#### Information given:
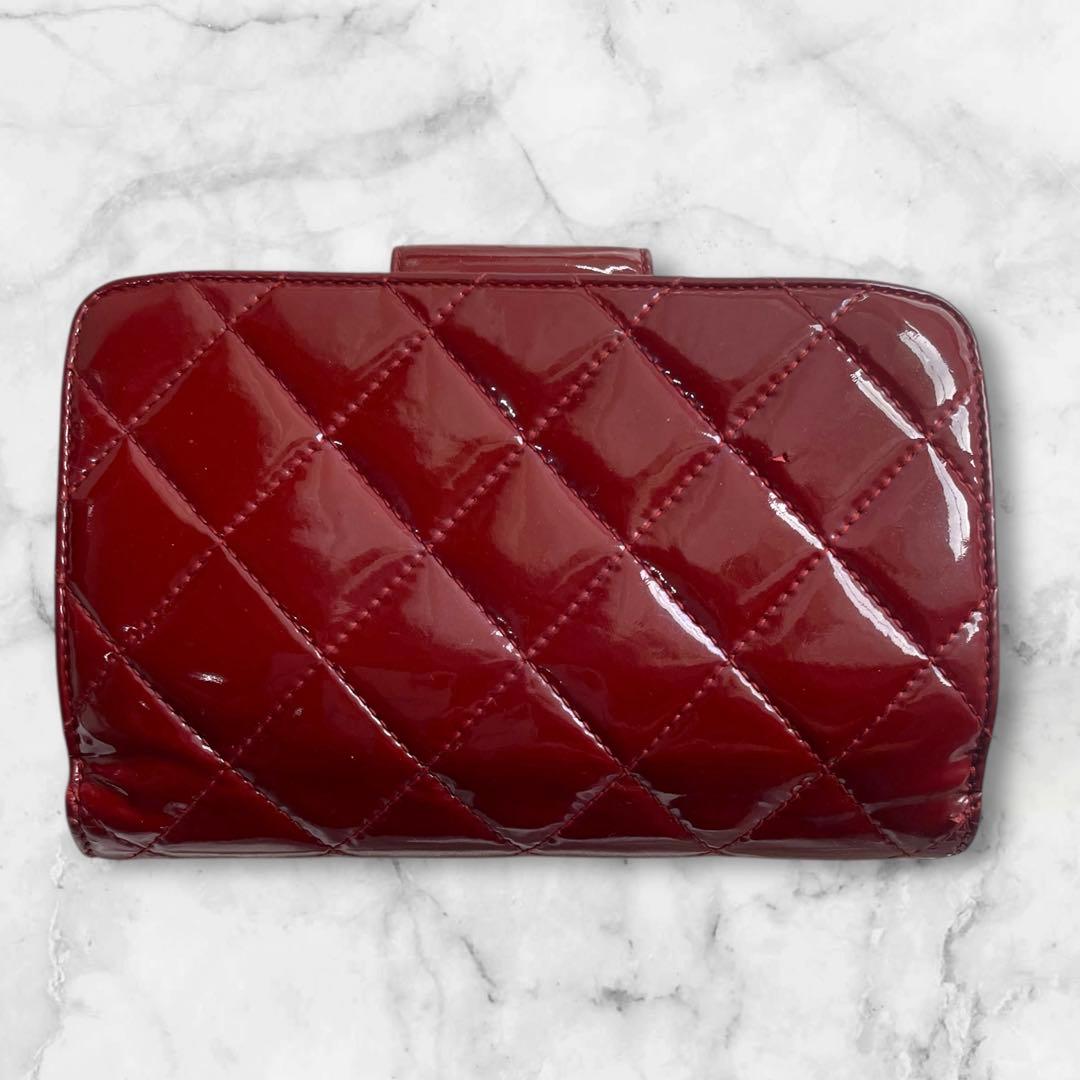良品✨CHANELシャネル 財布 ダイヤ ココマーク マトラッセ エナメル　赤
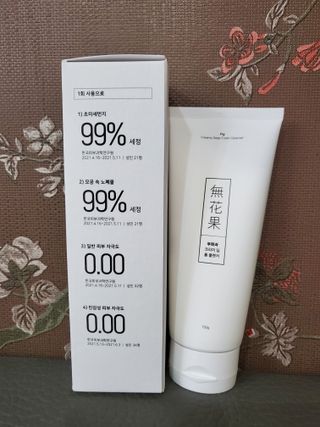 [베러오리진] 무화과 크리미 딥 폼 클렌저/피부 노폐물 & 미세먼지 99 세정 인증 민감성 피부 무자극 인증 — 5점을 준 리뷰어가 2021년 11월 올린 사용 사진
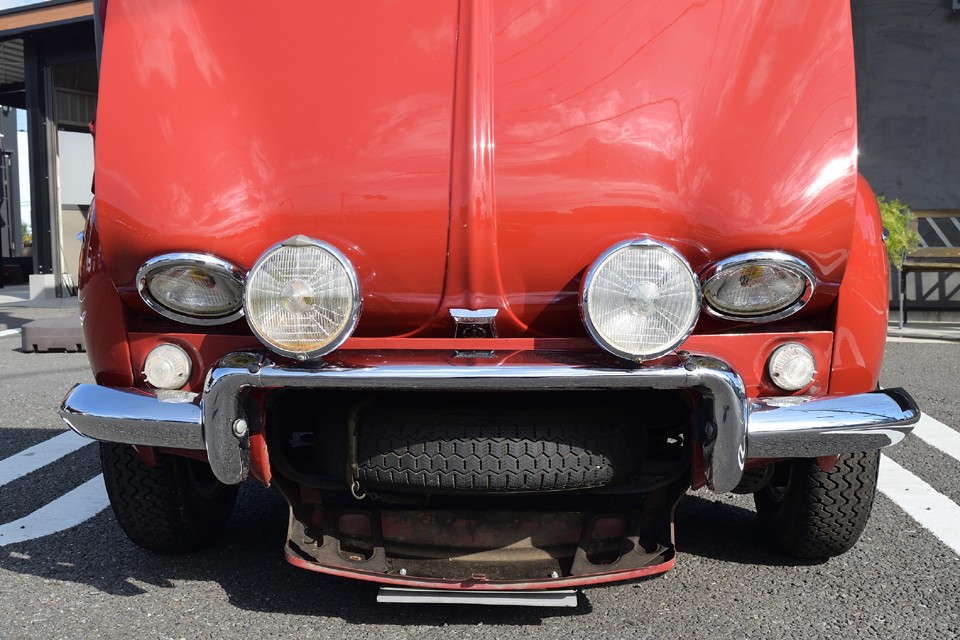 「ガクンッ！」と顎が外れたかのような顔に（笑）・・・スペアタイヤ収納庫です。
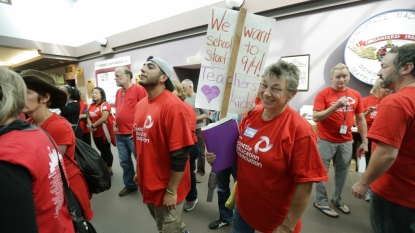 BACK TO SCHOOL! Seattle students head to classrooms as strike ends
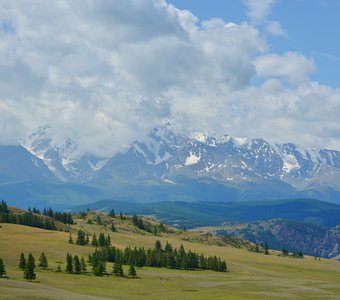 Северо-Чуйский хребет. Панорама со стороны Курайской степи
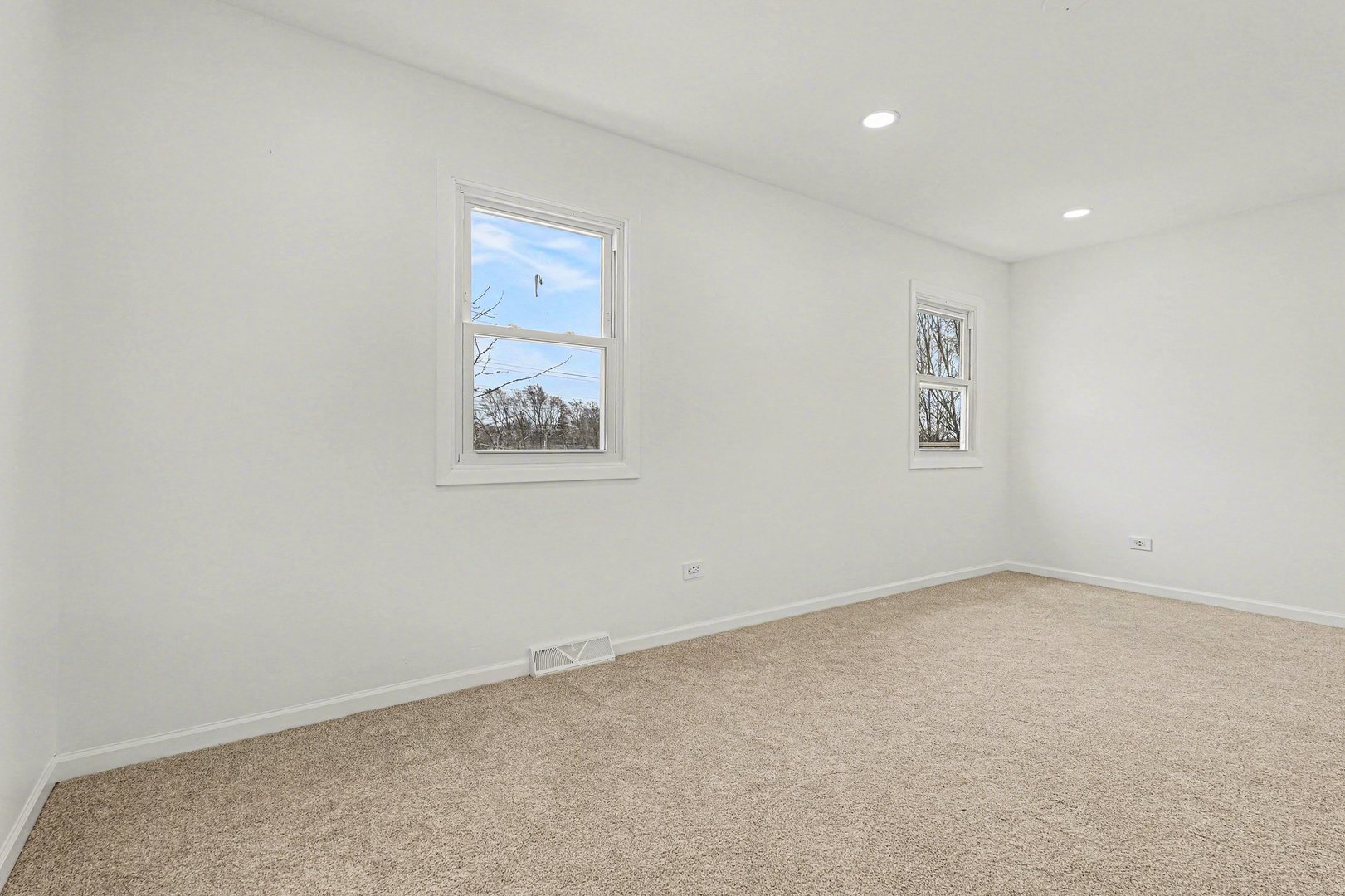 3002 North Maple Tree Lane Wadsworth, IL 60083 - Photo 16 of 30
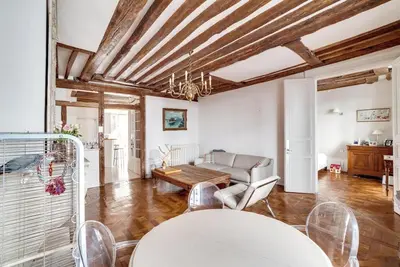 Image de Charming-Rustic 2bd Apartment, Tuileries-Rivoli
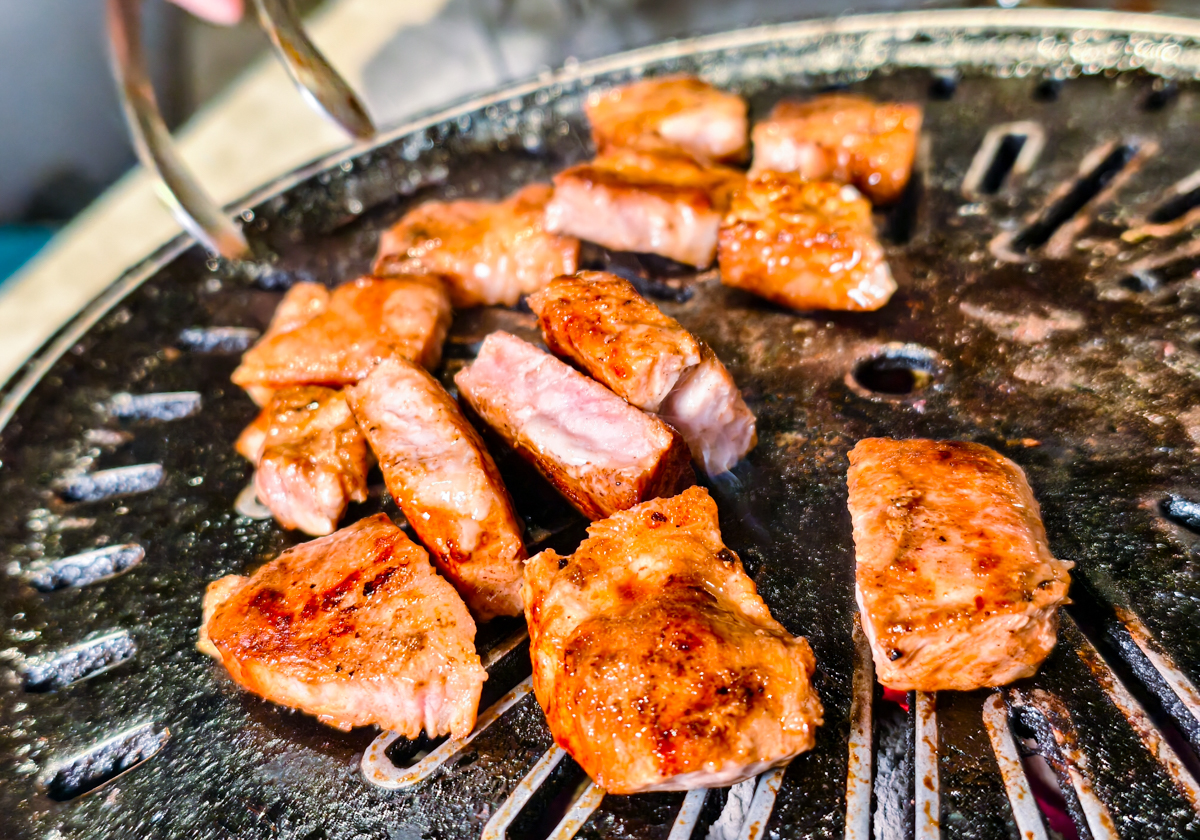 [高雄美食]湛燃燒肉-高雄火車站前人氣高雄燒肉店!超值吃和牛2588雙饗和牛豚肉雙人餐 @美食好芃友（芃芃）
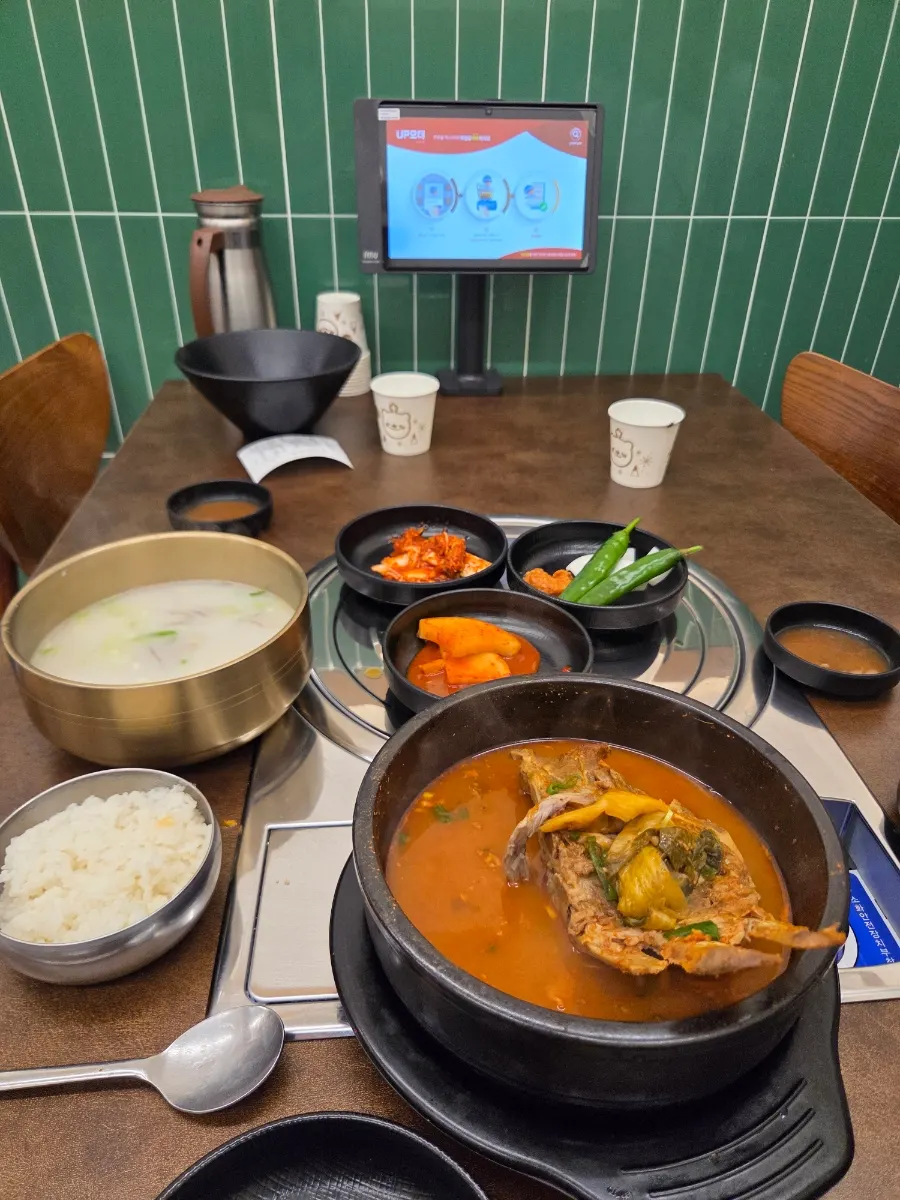 해장국과 설렁탕으로 차린 한 끼 상차림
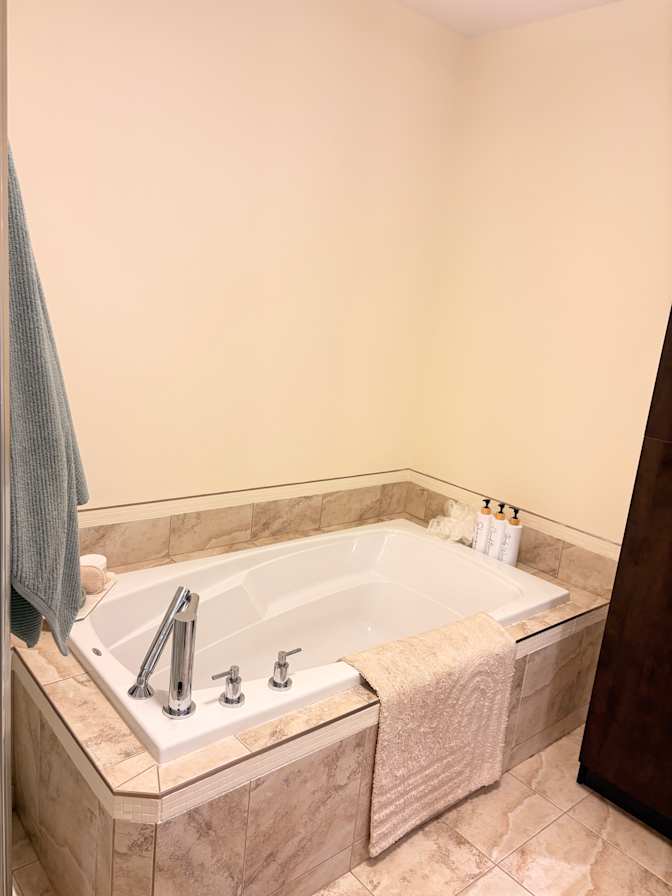 Julie Girard's room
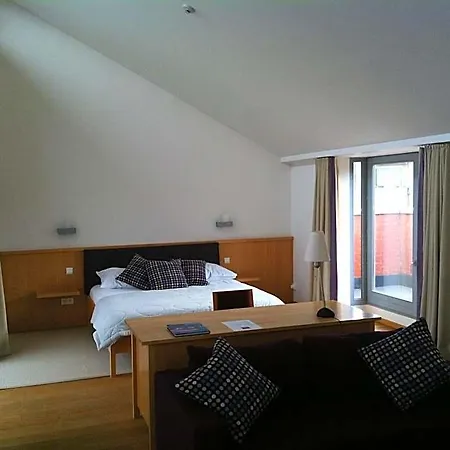 Irish College Hotel 3*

#### Activity:
The listing above must be retyped word for word, without the pictures.

#### Solution for this exercise:
良品✨CHANELシャネル 財布 ダイヤ ココマーク マトラッセ エナメル　赤
 [베러오리진] 무화과 크리미 딥 폼 클렌저/피부 노폐물 & 미세먼지 99 세정 인증 민감성 피부 무자극 인증 — 5점을 준 리뷰어가 2021년 11월 올린 사용 사진
 「ガクンッ！」と顎が外れたかのような顔に（笑）・・・スペアタイヤ収納庫です。
 BACK TO SCHOOL! Seattle students head to classrooms as strike ends
 Северо-Чуйский хребет. Панорама со стороны Курайской степи
 3002 North Maple Tree Lane Wadsworth, IL 60083 - Photo 16 of 30
 Image de Charming-Rustic 2bd Apartment, Tuileries-Rivoli
 [高雄美食]湛燃燒肉-高雄火車站前人氣高雄燒肉店!超值吃和牛2588雙饗和牛豚肉雙人餐 @美食好芃友（芃芃）
 해장국과 설렁탕으로 차린 한 끼 상차림
 Julie Girard's room
 Irish College Hotel 3*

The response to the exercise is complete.